◆ **Problem details**: Leave out all pictures while you copy the lines exactly from the one with "Mets 2025 SPRING" through the last line of the listing.

◆ **Data excerpt**:
+---+
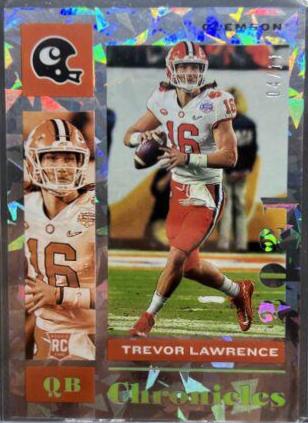 Trevor Lawrence [Cracked Ice] #1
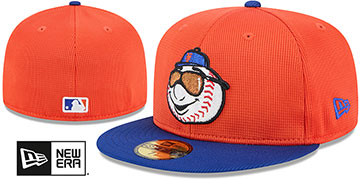 Mets 2025 SPRING TRAINING Fitted Hat by New Era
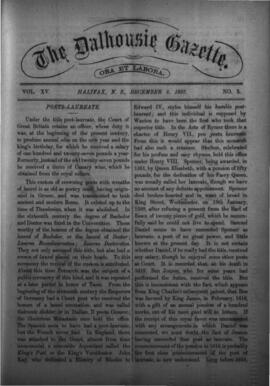 The Dalhousie Gazette, Volume 15, Issue 3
+---+
◆ **Response area**:
 Mets 2025 SPRING TRAINING Fitted Hat by New Era
 The Dalhousie Gazette, Volume 15, Issue 3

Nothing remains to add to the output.